La Corte Costituzionale, nell’esaminare il ricorso della regione Sardegna (come la Sicilia dotata di autonomie speciale), ha rilevato la legittimità costituzionale dell’art. 19 del D.L. 95/2012, evidenziando che l’art. 24-bis, prevede una “Clausola di salvaguardia”: “… le disposizioni del presente decreto si applicano alle predette regioni e province autonome secondo le procedure previste dai rispettivi statuti speciali e dalle relative norme di attuazione, anche con riferimento agli enti locali delle autonomie speciali che esercitano le funzioni in materia di finanza locale, agli enti ed organismi strumentali dei predetti enti territoriali e agli altri enti o organismi ad ordinamento regionale o provinciale”.

La questione d’illegittimità costituzionale sollevata dalla Sardegna (Corte Costituzionale, sentenza n. 22/2014) è stata ritenuta non fondata proprio giacché la legge nazionale prevede che le Regioni a statuto speciale possono applicare la gestione associata obbligatoria, secondo le procedure previste dai propri statuti.

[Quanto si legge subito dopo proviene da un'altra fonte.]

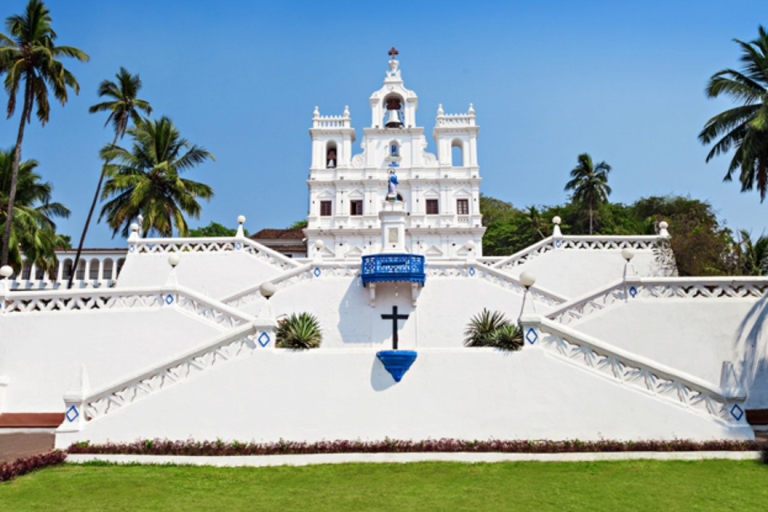 Goa: Baga Beach & die Basilika von Bom Jesus Highlights Tour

Il giudice delle leggi non ha detto che le regioni a statuto speciale possono non applicare la normativa sull’associazionismo obbligatorio, ma solamente che la applicano nei tempi e secondo le modalità stabilite dal legislatore regionale.

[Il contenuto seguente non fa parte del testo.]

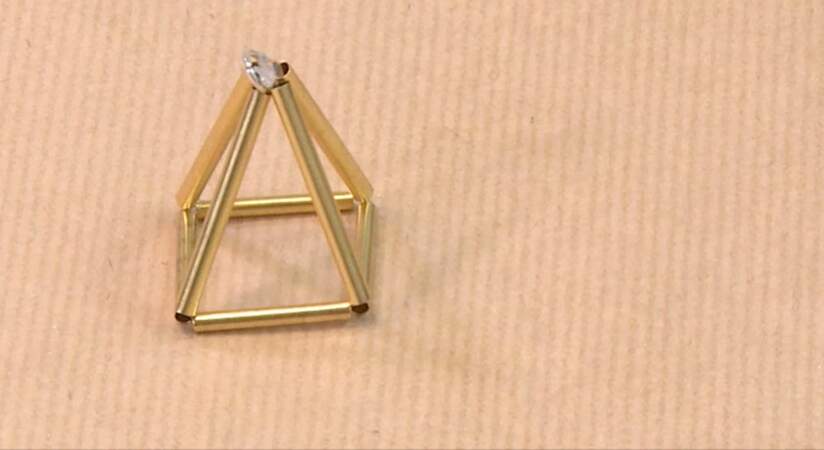 DIY : un collier pyramide 3D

In generale la Corte Costituzionale ha ricordato che il legislatore statale può, con una disciplina di principio, imporre alle Regioni e agli enti locali, per ragioni di coordinamento finanziario connesse ad obiettivi nazionali, condizionati anche dagli obblighi comunitari, vincoli alle politiche di bilancio, anche se questi si traducono, inevitabilmente, in limitazioni indirette all’autonomia di spesa degli enti territoriali.

Tali vincoli sono rispettosi dell’autonomia delle Regioni e degli enti locali quando sono ragionevoli e proporzionali all’obiettivo e stabiliscano un “limite complessivo”.